Although there is no recognized category of “business crimes” or white collar crimes, this book includes within substantive white collar crimes those mentioned earlier. The term “white collar crime” was coined by Edwin Sutherland in a speech to the American Sociological Society in 1939. Subsequently, he stated that it “may be defined approximately as a crime committed by a person of respectability and high social status in the course of his occupation.” Thereafter, a variety of definitions have been applied to white collar crime.

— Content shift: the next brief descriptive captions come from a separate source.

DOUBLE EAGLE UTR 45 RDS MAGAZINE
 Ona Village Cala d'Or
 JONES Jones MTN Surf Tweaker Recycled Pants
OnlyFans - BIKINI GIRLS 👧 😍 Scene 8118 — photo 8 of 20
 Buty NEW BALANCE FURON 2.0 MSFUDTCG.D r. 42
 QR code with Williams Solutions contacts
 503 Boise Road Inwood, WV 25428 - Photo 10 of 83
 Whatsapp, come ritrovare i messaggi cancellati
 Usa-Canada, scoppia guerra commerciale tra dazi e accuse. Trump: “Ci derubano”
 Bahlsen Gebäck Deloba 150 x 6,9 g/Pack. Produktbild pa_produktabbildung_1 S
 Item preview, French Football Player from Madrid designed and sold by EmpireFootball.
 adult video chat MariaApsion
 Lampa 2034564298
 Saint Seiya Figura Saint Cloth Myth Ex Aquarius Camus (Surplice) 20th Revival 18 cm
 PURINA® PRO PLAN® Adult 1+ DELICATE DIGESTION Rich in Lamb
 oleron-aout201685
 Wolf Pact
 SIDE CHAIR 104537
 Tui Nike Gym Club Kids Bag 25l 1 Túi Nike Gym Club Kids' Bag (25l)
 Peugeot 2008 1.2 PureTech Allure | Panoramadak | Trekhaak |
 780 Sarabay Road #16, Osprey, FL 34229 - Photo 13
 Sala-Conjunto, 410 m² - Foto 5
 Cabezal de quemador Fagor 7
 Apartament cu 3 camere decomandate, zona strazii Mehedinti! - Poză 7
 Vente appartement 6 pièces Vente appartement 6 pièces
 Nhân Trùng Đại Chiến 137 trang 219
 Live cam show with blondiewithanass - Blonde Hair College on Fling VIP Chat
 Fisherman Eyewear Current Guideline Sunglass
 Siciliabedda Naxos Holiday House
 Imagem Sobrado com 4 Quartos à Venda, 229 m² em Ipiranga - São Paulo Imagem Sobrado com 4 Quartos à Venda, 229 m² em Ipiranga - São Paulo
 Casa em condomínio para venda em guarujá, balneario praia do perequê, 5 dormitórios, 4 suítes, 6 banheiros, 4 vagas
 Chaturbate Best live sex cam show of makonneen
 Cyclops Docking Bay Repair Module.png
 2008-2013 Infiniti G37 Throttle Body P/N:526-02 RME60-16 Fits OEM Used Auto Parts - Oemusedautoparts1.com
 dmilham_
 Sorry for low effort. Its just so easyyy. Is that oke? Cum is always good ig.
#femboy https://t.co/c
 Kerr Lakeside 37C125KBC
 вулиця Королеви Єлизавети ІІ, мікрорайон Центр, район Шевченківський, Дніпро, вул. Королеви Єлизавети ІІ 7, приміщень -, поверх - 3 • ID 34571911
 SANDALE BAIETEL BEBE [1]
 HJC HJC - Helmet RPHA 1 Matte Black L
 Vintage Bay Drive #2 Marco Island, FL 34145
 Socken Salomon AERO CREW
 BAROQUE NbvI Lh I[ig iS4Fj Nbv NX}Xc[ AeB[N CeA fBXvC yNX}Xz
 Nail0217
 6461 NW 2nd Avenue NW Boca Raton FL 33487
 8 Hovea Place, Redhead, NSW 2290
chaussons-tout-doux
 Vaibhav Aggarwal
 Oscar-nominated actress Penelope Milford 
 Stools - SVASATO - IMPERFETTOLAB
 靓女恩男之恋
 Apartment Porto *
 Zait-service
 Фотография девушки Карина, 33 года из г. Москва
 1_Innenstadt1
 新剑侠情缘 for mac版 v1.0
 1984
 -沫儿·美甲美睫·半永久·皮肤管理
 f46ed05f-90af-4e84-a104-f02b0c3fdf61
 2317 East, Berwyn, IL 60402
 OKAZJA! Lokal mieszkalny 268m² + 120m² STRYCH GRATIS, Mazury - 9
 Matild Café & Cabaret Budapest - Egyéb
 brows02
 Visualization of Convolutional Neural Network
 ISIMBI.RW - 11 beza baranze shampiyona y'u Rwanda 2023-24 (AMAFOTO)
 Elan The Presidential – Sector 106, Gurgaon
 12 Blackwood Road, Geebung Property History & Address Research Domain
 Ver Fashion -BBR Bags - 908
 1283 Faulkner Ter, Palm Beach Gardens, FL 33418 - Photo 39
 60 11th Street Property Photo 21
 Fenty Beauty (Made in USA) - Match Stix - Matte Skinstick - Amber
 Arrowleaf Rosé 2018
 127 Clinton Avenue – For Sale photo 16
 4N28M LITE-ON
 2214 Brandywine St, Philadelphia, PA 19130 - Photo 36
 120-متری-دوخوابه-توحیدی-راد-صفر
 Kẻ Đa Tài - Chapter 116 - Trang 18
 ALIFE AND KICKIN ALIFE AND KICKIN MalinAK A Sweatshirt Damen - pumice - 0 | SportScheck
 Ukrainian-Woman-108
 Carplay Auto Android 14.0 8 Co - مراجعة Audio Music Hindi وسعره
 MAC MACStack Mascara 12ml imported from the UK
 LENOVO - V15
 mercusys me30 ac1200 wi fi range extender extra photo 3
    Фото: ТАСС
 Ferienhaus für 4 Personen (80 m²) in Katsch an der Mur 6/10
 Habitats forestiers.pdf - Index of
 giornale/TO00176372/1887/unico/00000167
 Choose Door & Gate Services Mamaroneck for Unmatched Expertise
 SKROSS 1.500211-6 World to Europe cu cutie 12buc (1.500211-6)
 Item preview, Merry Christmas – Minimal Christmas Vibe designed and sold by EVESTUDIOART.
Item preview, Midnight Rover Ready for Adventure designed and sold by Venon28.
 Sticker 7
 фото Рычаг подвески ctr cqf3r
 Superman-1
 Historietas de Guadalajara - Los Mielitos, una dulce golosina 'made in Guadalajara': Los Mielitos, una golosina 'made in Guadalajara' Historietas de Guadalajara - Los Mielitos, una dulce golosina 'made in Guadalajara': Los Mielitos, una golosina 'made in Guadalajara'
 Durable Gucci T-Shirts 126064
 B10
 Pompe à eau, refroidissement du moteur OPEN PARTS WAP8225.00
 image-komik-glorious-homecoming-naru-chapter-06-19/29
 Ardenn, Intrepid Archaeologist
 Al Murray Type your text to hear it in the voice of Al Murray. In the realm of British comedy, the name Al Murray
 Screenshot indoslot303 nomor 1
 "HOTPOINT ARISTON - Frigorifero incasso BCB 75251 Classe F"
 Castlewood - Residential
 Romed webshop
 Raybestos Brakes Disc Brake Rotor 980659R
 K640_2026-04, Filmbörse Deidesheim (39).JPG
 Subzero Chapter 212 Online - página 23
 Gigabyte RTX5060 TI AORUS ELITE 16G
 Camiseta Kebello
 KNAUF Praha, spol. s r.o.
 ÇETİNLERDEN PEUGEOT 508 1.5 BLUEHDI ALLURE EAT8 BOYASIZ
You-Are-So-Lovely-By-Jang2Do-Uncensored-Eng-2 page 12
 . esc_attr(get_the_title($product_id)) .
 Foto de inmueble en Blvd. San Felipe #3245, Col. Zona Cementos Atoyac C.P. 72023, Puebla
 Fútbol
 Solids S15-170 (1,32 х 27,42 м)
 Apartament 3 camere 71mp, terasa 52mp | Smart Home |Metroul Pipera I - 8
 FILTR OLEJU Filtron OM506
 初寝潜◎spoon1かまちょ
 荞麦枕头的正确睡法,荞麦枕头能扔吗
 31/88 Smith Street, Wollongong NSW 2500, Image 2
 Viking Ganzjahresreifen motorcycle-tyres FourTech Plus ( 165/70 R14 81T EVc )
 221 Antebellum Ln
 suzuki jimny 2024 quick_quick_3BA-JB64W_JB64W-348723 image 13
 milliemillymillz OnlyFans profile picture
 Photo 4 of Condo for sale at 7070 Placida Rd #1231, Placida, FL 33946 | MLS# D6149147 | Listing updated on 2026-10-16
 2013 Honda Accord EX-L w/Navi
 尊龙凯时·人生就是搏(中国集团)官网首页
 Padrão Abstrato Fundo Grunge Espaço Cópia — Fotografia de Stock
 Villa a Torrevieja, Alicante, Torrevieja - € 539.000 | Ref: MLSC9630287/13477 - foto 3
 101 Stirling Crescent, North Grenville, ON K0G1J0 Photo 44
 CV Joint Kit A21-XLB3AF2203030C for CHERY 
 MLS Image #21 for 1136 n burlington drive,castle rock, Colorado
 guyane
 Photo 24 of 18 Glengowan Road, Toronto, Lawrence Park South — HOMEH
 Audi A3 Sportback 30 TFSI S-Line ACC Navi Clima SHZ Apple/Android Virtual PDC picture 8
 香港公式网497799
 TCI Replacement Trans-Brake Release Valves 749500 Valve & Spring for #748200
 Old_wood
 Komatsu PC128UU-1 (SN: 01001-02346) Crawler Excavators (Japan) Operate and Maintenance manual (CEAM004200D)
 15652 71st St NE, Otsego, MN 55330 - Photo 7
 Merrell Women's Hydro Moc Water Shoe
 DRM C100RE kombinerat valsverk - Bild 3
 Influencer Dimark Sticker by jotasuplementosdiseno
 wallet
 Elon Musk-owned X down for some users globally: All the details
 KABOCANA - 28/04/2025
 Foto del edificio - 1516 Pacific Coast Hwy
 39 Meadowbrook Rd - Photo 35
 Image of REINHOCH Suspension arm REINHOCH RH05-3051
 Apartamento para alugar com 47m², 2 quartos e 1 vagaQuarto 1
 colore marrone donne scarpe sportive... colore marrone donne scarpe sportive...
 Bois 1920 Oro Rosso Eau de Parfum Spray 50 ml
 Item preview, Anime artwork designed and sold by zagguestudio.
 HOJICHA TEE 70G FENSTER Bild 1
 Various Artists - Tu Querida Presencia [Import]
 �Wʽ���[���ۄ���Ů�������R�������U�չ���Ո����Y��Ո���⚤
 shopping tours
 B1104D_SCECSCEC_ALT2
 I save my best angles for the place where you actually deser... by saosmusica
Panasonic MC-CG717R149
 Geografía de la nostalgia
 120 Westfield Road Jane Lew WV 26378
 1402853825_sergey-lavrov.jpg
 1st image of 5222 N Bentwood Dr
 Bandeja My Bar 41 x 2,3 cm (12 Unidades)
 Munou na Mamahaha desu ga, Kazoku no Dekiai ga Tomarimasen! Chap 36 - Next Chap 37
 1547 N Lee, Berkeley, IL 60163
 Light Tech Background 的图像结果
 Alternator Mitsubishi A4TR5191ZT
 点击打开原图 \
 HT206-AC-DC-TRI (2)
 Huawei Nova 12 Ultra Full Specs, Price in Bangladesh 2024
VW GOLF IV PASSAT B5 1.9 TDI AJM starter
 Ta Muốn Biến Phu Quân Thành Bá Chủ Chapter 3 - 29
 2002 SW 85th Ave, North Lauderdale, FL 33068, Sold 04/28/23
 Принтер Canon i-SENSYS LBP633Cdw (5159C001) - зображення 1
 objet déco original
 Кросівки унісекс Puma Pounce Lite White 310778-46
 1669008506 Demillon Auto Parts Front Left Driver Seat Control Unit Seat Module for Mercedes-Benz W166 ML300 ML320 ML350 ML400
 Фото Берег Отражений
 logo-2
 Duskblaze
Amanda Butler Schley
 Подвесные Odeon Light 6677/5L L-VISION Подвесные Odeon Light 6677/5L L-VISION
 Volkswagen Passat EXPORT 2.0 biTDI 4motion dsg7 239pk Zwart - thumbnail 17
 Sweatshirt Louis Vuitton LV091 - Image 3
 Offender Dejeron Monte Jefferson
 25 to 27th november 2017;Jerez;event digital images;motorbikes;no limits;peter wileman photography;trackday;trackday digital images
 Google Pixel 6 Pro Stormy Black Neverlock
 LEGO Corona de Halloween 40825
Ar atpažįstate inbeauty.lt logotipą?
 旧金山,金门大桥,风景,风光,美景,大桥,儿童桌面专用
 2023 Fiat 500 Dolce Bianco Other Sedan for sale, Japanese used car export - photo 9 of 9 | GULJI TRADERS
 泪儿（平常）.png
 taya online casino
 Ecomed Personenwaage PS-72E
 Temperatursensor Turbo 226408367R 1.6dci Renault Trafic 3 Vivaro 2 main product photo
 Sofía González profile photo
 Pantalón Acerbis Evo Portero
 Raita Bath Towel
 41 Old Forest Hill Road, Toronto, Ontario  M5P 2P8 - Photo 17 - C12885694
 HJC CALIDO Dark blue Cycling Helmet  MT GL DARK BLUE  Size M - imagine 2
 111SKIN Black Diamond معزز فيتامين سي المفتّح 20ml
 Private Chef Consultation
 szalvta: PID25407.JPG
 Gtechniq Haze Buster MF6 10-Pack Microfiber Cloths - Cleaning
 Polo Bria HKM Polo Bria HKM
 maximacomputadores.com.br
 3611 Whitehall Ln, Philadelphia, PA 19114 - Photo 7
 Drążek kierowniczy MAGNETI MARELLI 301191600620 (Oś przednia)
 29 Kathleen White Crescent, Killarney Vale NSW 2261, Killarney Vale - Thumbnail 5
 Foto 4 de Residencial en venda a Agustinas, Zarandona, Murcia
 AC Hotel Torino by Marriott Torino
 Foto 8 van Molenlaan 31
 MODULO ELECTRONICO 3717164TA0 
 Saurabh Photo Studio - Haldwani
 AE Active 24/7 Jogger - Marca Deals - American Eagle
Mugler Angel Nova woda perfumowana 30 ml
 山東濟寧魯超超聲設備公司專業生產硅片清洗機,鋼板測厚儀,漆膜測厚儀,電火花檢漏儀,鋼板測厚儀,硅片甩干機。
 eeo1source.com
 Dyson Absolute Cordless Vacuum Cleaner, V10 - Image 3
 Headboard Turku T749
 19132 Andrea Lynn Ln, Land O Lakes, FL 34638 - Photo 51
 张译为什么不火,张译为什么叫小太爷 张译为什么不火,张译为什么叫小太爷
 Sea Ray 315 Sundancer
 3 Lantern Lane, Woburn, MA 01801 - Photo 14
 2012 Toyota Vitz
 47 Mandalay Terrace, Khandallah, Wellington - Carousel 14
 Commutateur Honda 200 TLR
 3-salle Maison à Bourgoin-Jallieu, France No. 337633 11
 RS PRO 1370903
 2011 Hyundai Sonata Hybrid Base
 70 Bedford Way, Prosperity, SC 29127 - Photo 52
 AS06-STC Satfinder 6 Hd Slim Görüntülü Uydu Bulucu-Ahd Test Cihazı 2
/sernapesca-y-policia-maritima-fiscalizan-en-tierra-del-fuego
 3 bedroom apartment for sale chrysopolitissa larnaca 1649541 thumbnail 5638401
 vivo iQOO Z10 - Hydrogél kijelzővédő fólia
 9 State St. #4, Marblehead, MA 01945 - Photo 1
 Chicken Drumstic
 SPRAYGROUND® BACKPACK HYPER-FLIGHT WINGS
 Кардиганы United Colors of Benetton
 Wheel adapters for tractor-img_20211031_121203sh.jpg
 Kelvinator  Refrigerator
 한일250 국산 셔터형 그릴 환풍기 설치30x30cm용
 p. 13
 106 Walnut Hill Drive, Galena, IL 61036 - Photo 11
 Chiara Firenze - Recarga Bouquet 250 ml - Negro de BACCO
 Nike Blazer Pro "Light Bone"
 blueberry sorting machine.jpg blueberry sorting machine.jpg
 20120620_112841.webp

Environment Giving Rise to International Economic Crimes
Contemporary transnational criminals take advantage of globalization, trade liberalization, and emerging technologies to commit a diverse range of crimes and to move money, goods, services, and people instantaneously for purposes of pure economic gain, political violence, or both. A key component facilitating international white collar or economic crime is trade liberalization, especially free trade agreements (FTAs). The problem is that the leadership of trade liberalization or FTAs and the politics (surrounding them,) do not allow negotiators to provide for comprehensive enforcement mechanisms. The politics of FTAs make ratification difficult, especially if costly regulatory or enforcement mechanisms are added since they are perceived politically as underserving sovereignty. Instead, such comprehensive enforcement mechanisms are completely omitted, or else only isolated criminal subjects are treated.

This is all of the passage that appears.